Non poteva esimersi Ozpetek, che alle tematiche di sempre lega quelle della famiglia patriarcale tipicamente italiana: una famiglia tradizionalista che non sa accettare la diversità e non sa vivere al di fuori delle convenzioni.
Il giovane Tommaso (Riccardo Scamarcio) torna nella città natale, Lecce, per fare una serie di rivelazioni alla sua famiglia: non è solo la sua omosessualità che è difficile da confessare ai genitori, ma anche che, contrariamente a quanto tutti hanno creduto fino a quel momento, non è stato a Roma per studiare economia ma si è laureato in lettere e intende fare lo scrittore. La sua confessione però non avviene: una serie di eventi lo costringono a fermarsi a Lecce per qualche tempo per lavorare nell’impresa di famiglia e, ovviamente, riflettere su se stesso e le proprie scelte.

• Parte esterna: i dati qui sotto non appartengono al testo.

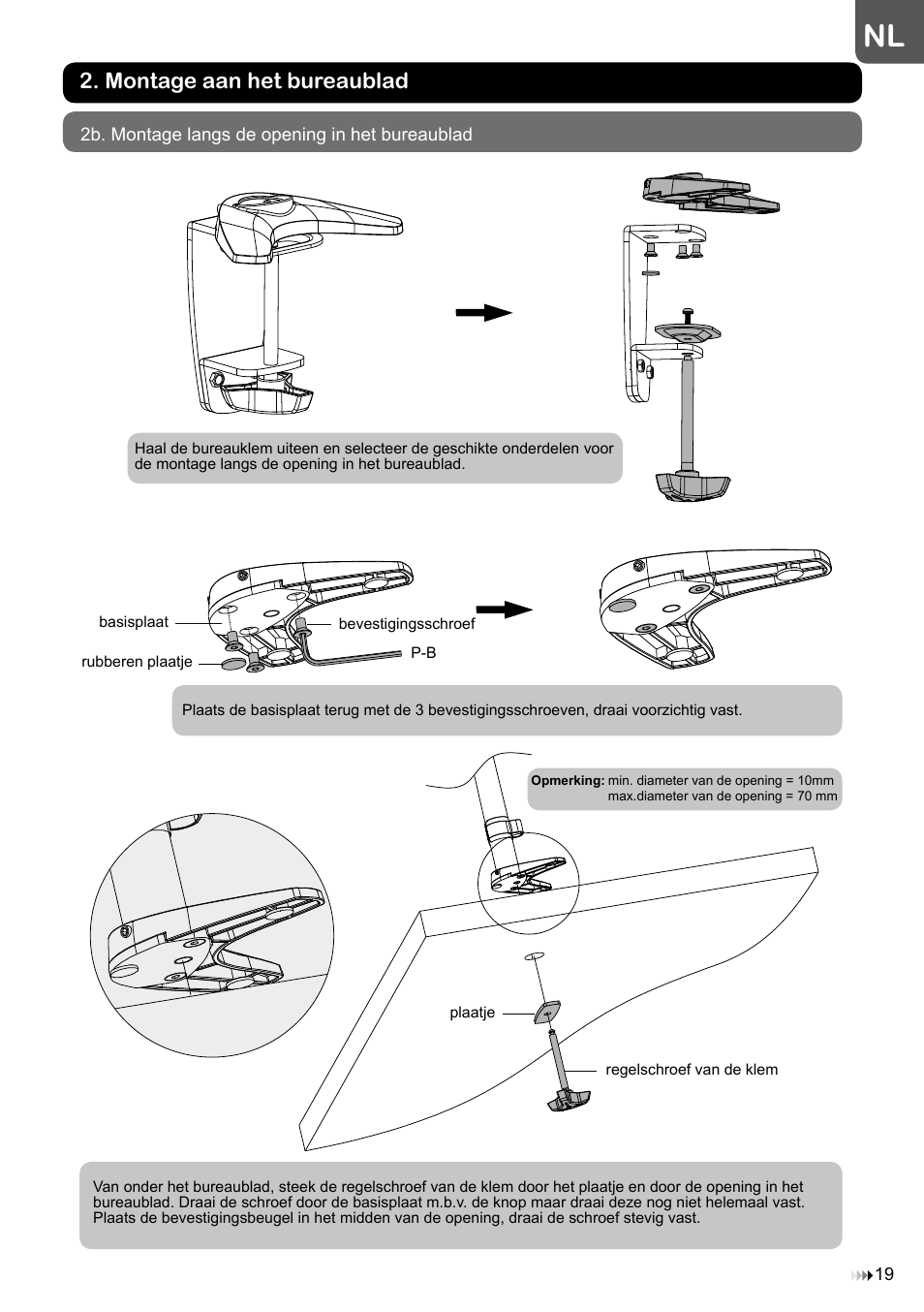 Montage aan het bureaublad | Velleman WB039 User Manual | Page 19 / 48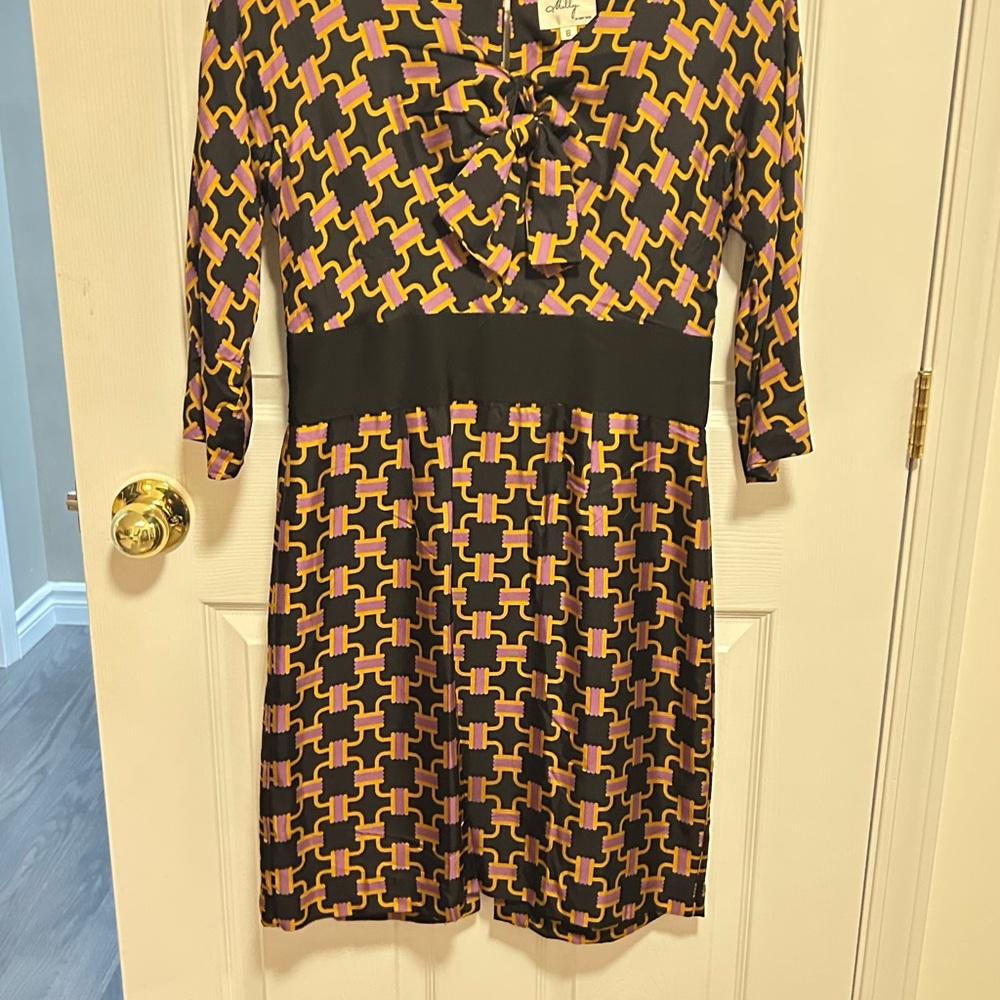 Milly Black and Gold A-line Dress with 3/4 Cuffed Sleeves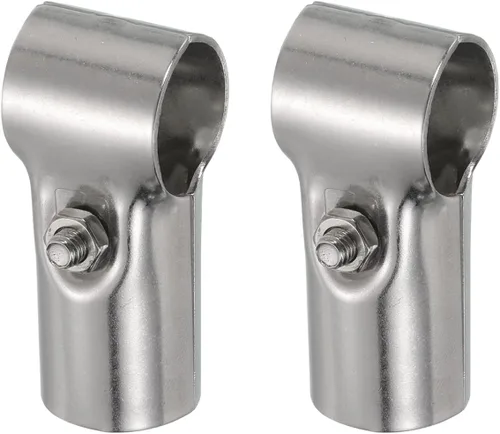 uxcell Conector de abrazadera de tubo en T, 2 piezas, conector de tubería estructural, abrazadera de valla de enlace de cadena de acero inoxidable,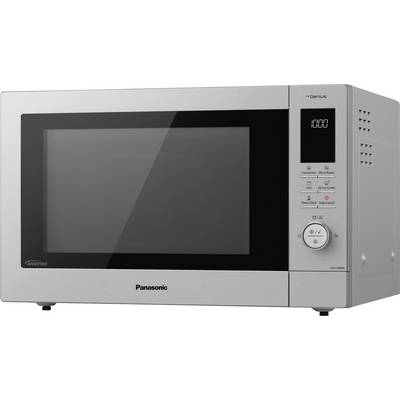 Silver microwave with digital display showing '1:00', function buttons, rotary dial, and ventilation slots on the right side.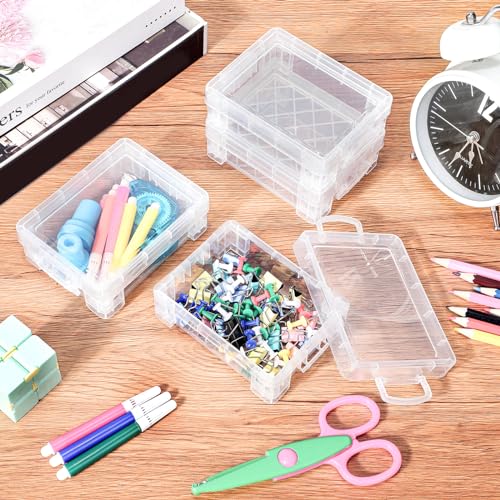 Image of Suzile 80 Pcs Plastic Crayon Box with Lid Clear Crayon Organizer Stackable Storage Containers Bulk Pastel Holder Case for Office School Classroom Supplies Pen Pencil Art Crafts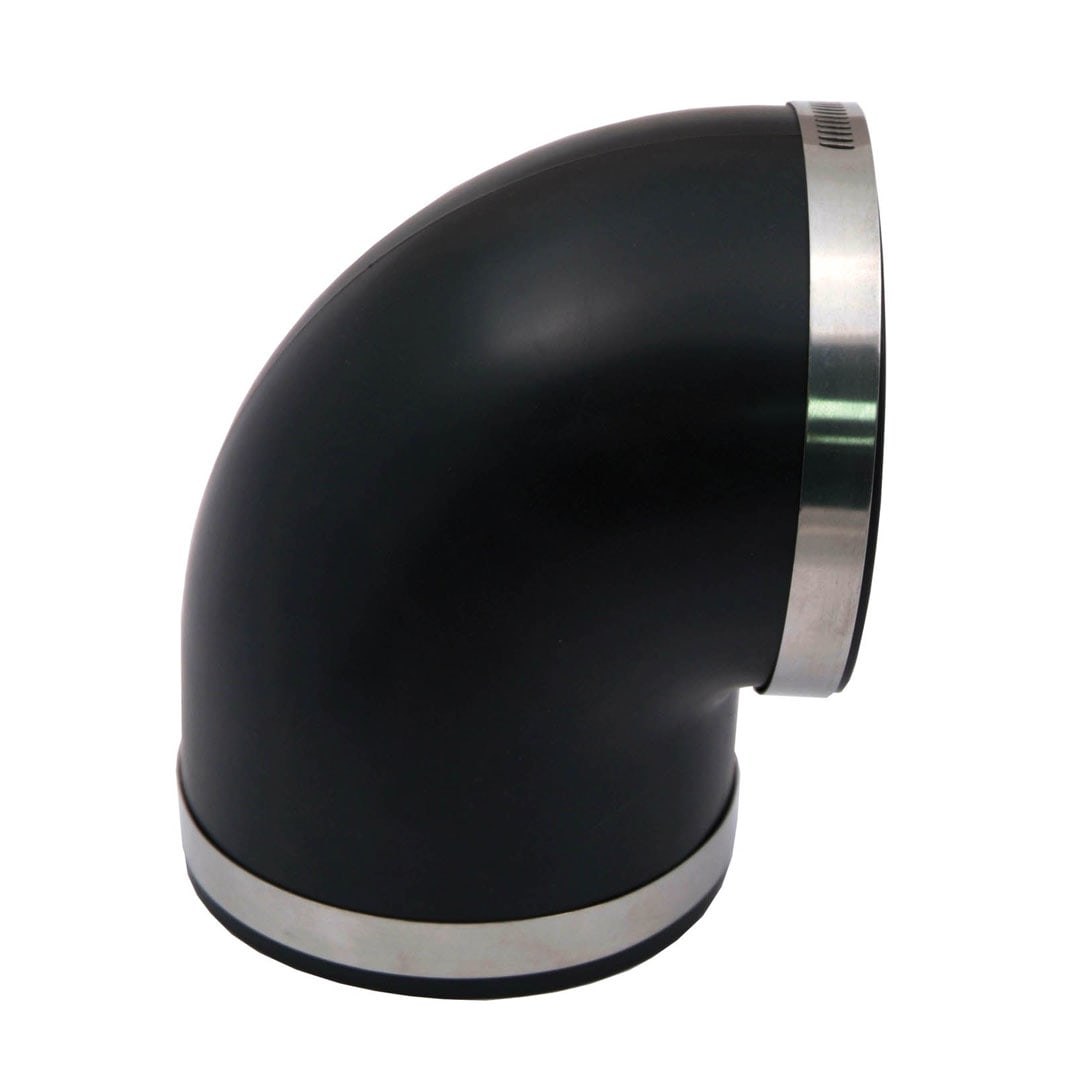 Spectre Air Intake Hose Coupler, Connects 4 Inch Component to 4 Inch Component, Black, PVC with 90 Degree Elbow/ Long Leg – 9781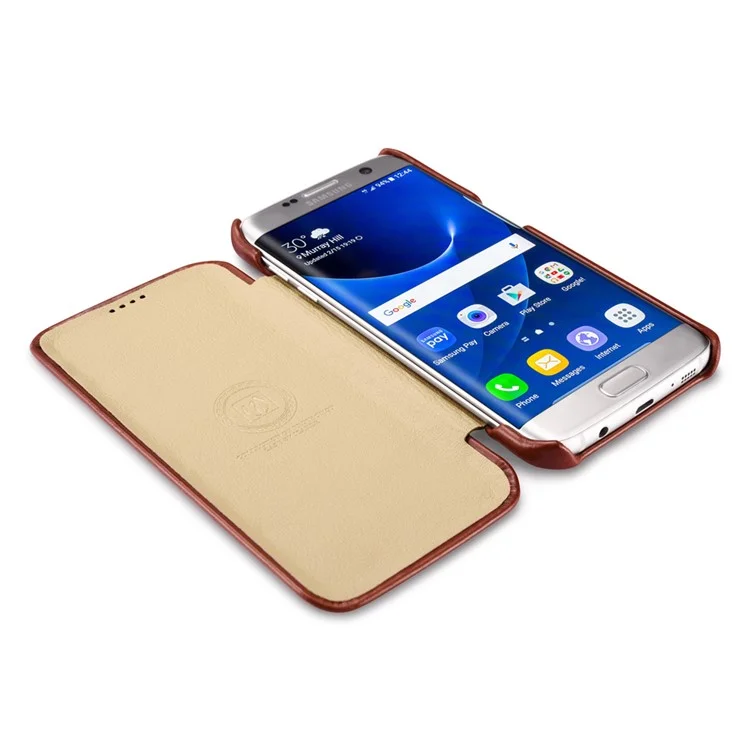 ICARER Vintage Genuine Leather Phone Shell for Samsung Galaxy S7 edge G935 - Brown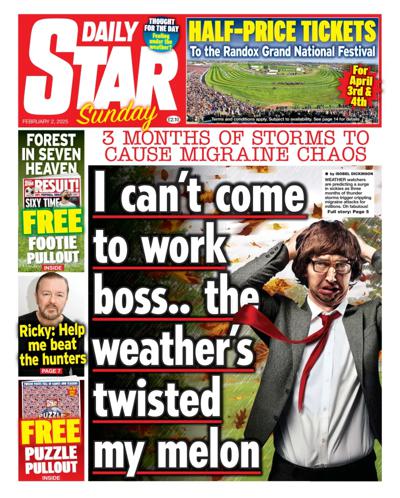 Daily Star Sunday (UK) Newspaper Front Page for 2 February 2025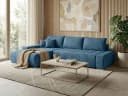 Beautysofa Ecksofa Draco L mit Schlaffunktion und Bettkasten Blau Bild 2
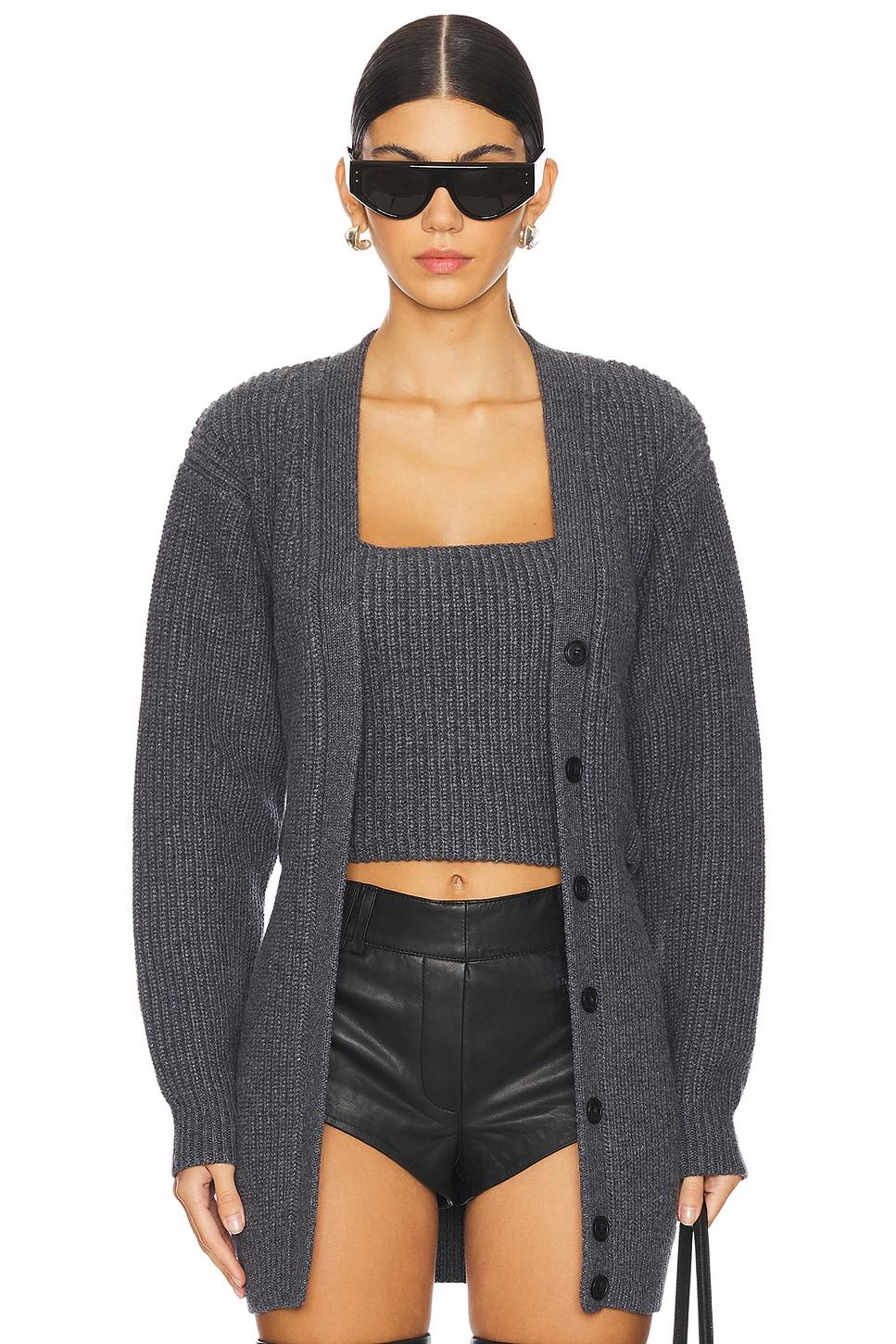 ribbed bilayer v-neck cardigan with cami twinset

L’atmosfera è diversa dalla solita dei film di Ozpetek, sicuramente meno colorata e variegata ma, anche quando sono avvolti nella più totale ipocrisia e perbenismo, i personaggi sono eccentrici soprattutto nei modi di reagire quando si trovano di fronte a realtà che non conoscono.
I genitori di Tommaso (i bravissimi Ennio Fantastichino e Lunetta Savino) più che essere rigidi nelle loro posizioni, negano l’evidenza dei fatti e in parte l’amore per i loro figli. Invece la zia (una quasi irriconoscibile Elena Sofia Ricci) e la nonna di Tommaso (Ilaria Occhini) sono i personaggi più lungimiranti e forse anche i più riusciti: entrambe hanno sofferto a causa del loro spirito libero che è stato inesorabilmente domato dalla famiglia, entrambe sono ormai chiuse in un silenzio carico di significato, e in cerca di uno spiraglio che permetta loro di evadere dal carcere quotidiano in cui si trovano a vivere; proprio per questo sono più aperte verso i cambiamenti e la diversità, sono probabilmente loro le mine vaganti che danno il nome alla pellicola.
In questo film ciò che sorprende di più, e assai piacevolmente, è il tono tragicomico, l’ironia dei personaggi e delle situazioni. Non c’è più la tragedia che scoppia per mettere i protagonisti di fronte a se stessi, troviamo uno scontro tra mentalità diverse che genera una serie di momenti molto divertenti. Ovviamente non mancano i tipici toni melodrammatici dei film di Ozpetek, ma, tra qualche autocitazione e picco di melassa, stavolta si ride.
I luoghi comuni sulla mentalità ristretta delle famiglie tradizionali e la morale, secondo cui le divergenze vengono sempre appianate dall’amore se si mette da parte l’orgoglio, risultano un po' scontati; ma il film è assolutamente piacevole, ottimo spunto di riflessione per chi si trova ancora a combattere le stesse battaglie di Tommaso dall’una o dall’altra parte, e ci suggerisce che ogni tanto ci si può imbattere in qualche mina vagante che rompe lo stato delle cose, facendole migliorare.
La frase: "E' più faticoso stare zitti che dire quello che si pensa".